幼いながら必死に記憶の糸をたどってなんとか逃れようともがいたものの、

母に通用するわけもなく数分であきらめた弱虫な自分に乾杯

 

とにかく、どうしても自分でやめたいという意志を伝えなければならないらしい、

という現実にようやく気付いた私はまたまた思考がどうしようモードに逆戻り。

 

今まで通り練習を続けていくか、それとも勇気を出してやめると先生に伝えるか、

しばらく考えて出した結論・・・・ はい、わたくしひろこは今まで通りに

ピアノを習い続けます! なんというあっけない幕引きだったのでしょうね。

 

100対0で先生に言いたくないからピアノを続けるが勝利したわけです。

 

子供の頃の毎日って本当に楽しいことがたくさんありますよね。

新しい発見の連続で、自分の世界にはないものに興味いっぱい。

 

お友達と一緒に遊ぶこと、絵本、おもちゃ、お絵かき、ゲーム?(笑)

今は大人でも楽しめるような魅力的なものであふれ、誘惑がいっぱい!

 

確かに好きなこと、得意なことではじめは楽しく取り組んでいた習い事も、

他にもっと好きなことができたり、単純に飽きたり、練習が嫌になったり、

些細な理由でやめる方向に向かうことって珍しくないと思います。

 

私の場合もその典型で、なんとなく練習するよりもっと他の事に時間を使って

夢中になってみたかった。
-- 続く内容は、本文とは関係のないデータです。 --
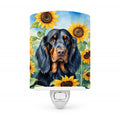 Gordon Setter in Sunflowers Ceramic Night Light Compact, UL-Certified, Ideal for Bedroom, Bathroom, Nursery, Hallway, Kitchen, 6x4x3, Multicolor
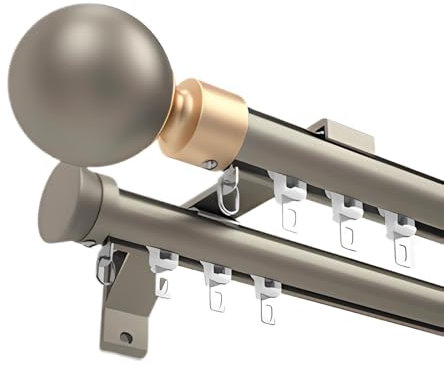 LTSRLL Aluminium-vorhangschienen Raumteiler, Robuste Gardinenschiene 2-läufig Für Büro Und Wohnzimmer Gardinenstange Wandmontage Mit Dekorativem Kopf (Color : Champagne, Size : 600cm(8 * 150cm))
決してピアノが嫌いになったわけでも、 ひどく苦痛を

感じていたわけでもありませんでした。

 

もし、やめたいと母に伝えた時に違う答えが返ってきていたら・・・

もう少し続けてごらん、本当にやめたいなら一緒に伝えに行こう、 そんなふうに

言われていたら私はピアノを通して何も学ぶことが できなかったと思います。

 

母にうまく誘導されたような感じも多少はありましたが、

でもどんな理由であっても、

「私はピアノを続ける」という道を 自分の意志で選んだことに間違いありません。

 

その後は何事もなかったようにピアノのある日常に戻ったわけですが、

今までと違うことが一つ・・・ それは、ピアノは私の意志で続けていると体で

認識した、ということです。 好きだからやってみる、興味があるからやってみる。

 

何かを始めるきっかけなんて大それたことばかりではないですよね。

様々な状況によって続けることが難しいことだってあります。

 

でも、あれから30年以上ピアノと付き合ってきた今振り返ってみると、

私のピアノ人生はまさにあの時が分かれ道だったのだと、

なんとなく 好きだから弾いていたピアノが、私の人生のパートナーになった日でした。

 

そして、自分の行いには自分の意志が働いていること、 どんな結果であっても責任は

自分にある、という考えが その後の自分を支える太い幹になったと思っています。